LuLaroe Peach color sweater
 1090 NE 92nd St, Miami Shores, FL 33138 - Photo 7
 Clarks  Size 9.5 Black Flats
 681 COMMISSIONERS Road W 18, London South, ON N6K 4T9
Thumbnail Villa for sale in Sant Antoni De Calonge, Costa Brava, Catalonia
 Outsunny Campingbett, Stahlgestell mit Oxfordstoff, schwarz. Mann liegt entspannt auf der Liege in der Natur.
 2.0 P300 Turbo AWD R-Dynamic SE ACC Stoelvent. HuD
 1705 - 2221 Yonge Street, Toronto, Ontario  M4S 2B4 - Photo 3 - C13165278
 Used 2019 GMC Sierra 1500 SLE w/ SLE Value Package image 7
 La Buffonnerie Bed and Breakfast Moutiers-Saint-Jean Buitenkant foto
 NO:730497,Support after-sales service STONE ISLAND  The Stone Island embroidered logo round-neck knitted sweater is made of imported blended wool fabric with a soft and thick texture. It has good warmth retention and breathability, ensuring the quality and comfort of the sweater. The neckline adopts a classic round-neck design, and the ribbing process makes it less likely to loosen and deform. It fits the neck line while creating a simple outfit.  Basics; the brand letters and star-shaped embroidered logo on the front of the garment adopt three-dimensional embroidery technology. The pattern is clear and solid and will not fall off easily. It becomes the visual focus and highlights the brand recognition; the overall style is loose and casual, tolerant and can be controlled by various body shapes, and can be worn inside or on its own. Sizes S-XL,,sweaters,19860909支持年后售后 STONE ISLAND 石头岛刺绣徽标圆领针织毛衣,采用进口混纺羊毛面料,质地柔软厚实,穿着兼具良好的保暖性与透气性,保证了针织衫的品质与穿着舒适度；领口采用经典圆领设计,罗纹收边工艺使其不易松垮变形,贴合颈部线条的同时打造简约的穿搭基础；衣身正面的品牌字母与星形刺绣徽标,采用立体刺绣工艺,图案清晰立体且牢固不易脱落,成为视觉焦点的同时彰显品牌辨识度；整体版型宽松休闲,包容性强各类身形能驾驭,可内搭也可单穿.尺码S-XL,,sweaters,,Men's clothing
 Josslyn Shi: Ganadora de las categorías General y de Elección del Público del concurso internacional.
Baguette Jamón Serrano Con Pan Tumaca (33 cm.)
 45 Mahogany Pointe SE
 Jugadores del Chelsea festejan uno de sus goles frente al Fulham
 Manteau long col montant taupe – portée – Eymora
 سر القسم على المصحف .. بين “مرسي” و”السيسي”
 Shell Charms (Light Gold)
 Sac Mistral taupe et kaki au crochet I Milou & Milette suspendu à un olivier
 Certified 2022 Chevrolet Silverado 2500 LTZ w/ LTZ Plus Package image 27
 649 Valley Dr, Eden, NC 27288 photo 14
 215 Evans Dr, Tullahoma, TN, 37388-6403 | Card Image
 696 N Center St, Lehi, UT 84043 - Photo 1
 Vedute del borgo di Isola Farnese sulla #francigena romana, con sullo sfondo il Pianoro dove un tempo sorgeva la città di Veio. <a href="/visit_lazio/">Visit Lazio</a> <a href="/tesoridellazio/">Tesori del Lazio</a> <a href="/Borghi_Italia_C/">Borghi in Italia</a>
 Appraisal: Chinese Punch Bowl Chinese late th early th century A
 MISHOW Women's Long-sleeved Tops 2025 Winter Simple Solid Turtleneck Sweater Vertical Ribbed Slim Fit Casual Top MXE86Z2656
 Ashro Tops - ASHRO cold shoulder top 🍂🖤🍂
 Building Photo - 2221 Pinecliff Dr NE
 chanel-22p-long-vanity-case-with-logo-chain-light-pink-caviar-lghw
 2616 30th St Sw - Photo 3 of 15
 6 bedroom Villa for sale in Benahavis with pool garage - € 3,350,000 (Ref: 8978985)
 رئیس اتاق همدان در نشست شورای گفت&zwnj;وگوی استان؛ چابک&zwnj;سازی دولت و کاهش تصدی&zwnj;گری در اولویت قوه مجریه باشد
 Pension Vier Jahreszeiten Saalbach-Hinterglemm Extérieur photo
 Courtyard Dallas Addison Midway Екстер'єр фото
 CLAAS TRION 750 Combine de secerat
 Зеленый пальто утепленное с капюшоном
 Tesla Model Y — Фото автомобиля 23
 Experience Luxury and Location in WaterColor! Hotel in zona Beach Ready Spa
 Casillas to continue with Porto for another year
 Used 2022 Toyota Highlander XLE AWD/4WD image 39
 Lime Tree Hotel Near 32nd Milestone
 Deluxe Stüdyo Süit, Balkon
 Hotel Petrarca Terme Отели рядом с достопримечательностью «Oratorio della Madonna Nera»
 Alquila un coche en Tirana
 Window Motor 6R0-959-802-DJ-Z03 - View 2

**EXERCISE GOAL:**
Your answer should consist of each line of the data above in which the word "Villa" occurs.

**ANSWER FOR THE TASK:**
Thumbnail Villa for sale in Sant Antoni De Calonge, Costa Brava, Catalonia
 6 bedroom Villa for sale in Benahavis with pool garage - € 3,350,000 (Ref: 8978985)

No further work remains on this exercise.